Tip: pour your melted tallow into a cookie pan. When it cools, cut it into squares and store it in the freezer or fridge that way. If you get the squares the right size, they are very convenient for just tossing one into the pan or the pot when you are cooking something.
But if you are careful about trimming the meat, filtering the tallow, and put the tallow in a container with a good seal, it should last for many months at room temperature. Here’s the batch we just put up, now sitting on a pantry shelf. It’s not canned, but we did sterilize the jars first. We expect it will be good for a good long while.
First thing, of course, is you need to get the fat. Sometimes butchers at grocery stores will sell you some. But an independent butcher or a slaughterhouse is going to be cheaper )often free). Or a local farmer who sells animals. They will also get you fat in quantity. What this means is this is a great opportunity to do it together with friends and family. Put it out on facebook or other social media and see if there is anybody local who has some tips or who wants to go in on making the tallow with you. Used this way, technology makes your life more human, not less.

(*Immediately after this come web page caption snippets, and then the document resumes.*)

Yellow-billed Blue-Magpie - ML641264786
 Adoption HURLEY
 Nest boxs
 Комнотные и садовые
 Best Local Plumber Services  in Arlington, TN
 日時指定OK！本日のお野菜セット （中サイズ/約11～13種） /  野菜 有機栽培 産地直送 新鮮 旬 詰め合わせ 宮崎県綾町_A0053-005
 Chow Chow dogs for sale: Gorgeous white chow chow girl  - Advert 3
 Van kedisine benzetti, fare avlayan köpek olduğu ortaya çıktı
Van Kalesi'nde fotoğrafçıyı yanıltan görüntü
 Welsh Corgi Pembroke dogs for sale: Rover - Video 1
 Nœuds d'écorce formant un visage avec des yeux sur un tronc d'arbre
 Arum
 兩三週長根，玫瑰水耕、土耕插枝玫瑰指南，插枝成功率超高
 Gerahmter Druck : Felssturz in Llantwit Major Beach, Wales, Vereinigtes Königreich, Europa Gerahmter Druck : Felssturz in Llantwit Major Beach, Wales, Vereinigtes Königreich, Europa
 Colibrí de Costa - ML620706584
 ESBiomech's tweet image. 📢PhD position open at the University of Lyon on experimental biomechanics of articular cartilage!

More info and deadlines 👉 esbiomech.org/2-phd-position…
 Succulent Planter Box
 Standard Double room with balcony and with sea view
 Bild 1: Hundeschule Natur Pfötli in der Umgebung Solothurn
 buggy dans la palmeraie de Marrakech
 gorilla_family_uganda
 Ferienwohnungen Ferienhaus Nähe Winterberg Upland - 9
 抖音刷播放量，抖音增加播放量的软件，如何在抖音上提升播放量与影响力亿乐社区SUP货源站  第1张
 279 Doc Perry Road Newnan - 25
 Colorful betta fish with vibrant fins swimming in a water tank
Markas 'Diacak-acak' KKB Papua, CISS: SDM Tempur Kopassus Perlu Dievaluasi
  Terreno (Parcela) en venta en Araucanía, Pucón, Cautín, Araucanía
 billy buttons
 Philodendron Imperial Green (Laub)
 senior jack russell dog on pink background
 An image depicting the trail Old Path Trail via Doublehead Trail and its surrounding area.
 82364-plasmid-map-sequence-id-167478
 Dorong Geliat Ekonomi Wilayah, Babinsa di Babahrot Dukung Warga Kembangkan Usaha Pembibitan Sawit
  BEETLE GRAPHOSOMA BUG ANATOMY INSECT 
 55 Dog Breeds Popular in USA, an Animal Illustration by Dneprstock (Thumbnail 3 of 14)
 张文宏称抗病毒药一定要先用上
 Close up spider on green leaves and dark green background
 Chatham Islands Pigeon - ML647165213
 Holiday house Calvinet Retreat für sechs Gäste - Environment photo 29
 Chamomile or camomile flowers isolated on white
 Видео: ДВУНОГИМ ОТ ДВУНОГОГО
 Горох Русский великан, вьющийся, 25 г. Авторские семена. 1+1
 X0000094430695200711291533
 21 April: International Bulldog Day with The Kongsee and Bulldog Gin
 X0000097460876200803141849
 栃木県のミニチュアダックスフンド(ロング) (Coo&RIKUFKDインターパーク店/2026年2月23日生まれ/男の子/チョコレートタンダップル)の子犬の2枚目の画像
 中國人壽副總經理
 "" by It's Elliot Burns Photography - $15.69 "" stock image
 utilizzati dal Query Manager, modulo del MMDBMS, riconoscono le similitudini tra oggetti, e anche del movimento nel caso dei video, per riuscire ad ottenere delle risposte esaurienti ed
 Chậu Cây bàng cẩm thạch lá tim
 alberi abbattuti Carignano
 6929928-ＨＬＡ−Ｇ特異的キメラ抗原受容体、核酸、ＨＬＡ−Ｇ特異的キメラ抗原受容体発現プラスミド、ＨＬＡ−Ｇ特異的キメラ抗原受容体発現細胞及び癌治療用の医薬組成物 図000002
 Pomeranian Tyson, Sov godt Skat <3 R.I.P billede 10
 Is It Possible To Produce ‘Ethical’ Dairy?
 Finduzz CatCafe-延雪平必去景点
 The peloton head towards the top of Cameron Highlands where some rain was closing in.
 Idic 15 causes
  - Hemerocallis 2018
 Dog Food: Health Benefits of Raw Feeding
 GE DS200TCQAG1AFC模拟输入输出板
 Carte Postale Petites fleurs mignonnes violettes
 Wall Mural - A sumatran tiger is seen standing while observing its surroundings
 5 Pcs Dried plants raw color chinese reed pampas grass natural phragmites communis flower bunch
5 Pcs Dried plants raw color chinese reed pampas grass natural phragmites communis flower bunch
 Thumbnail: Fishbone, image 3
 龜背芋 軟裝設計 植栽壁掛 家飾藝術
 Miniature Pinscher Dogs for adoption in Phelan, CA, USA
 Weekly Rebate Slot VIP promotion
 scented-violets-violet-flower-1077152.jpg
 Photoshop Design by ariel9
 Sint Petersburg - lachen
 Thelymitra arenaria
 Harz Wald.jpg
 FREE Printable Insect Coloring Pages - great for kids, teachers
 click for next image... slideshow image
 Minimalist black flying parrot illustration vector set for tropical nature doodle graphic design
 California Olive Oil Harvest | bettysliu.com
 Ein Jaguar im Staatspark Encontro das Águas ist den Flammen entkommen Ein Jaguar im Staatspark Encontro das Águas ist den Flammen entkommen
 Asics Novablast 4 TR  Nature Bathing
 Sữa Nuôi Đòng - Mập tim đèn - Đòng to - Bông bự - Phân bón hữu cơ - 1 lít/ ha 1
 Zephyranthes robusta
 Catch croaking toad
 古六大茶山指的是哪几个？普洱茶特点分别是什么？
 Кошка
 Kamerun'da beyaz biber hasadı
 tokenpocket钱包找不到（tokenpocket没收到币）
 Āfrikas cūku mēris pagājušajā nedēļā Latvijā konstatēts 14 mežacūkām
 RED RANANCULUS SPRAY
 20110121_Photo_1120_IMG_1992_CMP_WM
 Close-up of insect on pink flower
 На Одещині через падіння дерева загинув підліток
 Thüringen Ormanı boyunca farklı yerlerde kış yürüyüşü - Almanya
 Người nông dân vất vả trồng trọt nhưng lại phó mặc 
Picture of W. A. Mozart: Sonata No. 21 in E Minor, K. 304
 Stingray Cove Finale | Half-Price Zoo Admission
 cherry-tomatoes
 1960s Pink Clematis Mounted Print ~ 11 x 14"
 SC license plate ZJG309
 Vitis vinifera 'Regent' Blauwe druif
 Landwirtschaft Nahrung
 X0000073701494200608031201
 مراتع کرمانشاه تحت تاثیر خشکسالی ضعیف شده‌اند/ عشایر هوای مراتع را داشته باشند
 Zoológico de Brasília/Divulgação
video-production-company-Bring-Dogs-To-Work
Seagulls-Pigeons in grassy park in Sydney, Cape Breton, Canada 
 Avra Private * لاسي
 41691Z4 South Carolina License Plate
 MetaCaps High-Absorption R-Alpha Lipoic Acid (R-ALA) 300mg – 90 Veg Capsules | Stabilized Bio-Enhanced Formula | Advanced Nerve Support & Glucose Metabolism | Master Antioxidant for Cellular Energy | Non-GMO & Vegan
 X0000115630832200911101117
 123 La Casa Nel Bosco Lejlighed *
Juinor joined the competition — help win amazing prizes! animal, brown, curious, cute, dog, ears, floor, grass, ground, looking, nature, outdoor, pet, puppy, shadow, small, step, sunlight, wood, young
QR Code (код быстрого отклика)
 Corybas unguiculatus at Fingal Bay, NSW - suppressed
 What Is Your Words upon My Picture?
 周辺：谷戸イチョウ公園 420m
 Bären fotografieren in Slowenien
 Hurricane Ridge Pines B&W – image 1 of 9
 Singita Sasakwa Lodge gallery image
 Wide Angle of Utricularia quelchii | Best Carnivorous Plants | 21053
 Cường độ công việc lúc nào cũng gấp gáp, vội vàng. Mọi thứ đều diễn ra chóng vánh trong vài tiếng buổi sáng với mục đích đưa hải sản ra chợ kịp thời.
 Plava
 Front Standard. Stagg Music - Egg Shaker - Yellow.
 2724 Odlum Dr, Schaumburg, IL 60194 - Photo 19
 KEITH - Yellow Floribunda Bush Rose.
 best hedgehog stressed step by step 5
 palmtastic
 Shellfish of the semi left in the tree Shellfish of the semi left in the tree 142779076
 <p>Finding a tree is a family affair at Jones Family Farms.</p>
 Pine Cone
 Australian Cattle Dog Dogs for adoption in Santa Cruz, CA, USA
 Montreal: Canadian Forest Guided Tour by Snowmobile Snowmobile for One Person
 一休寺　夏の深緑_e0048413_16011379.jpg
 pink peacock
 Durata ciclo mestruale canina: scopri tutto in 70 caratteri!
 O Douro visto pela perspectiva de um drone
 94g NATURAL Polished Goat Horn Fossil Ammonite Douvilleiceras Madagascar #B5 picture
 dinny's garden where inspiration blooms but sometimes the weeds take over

Or if that’s too much for you, stuff your freezer with butter. Butter should also work for long-term storage at room temperature in a sterile closed container, but I’d pick one small jar to try it on first.
We do our tallow the way we do rice and beans. We have a lot on hand and at some point, well before we run out, we do a new batch. The amount we have on hand varies, but we always have some.
Pick one on the list and do it. Your friends and family are lucky to have you. And you are lucky to have the wisdom and skill that you do.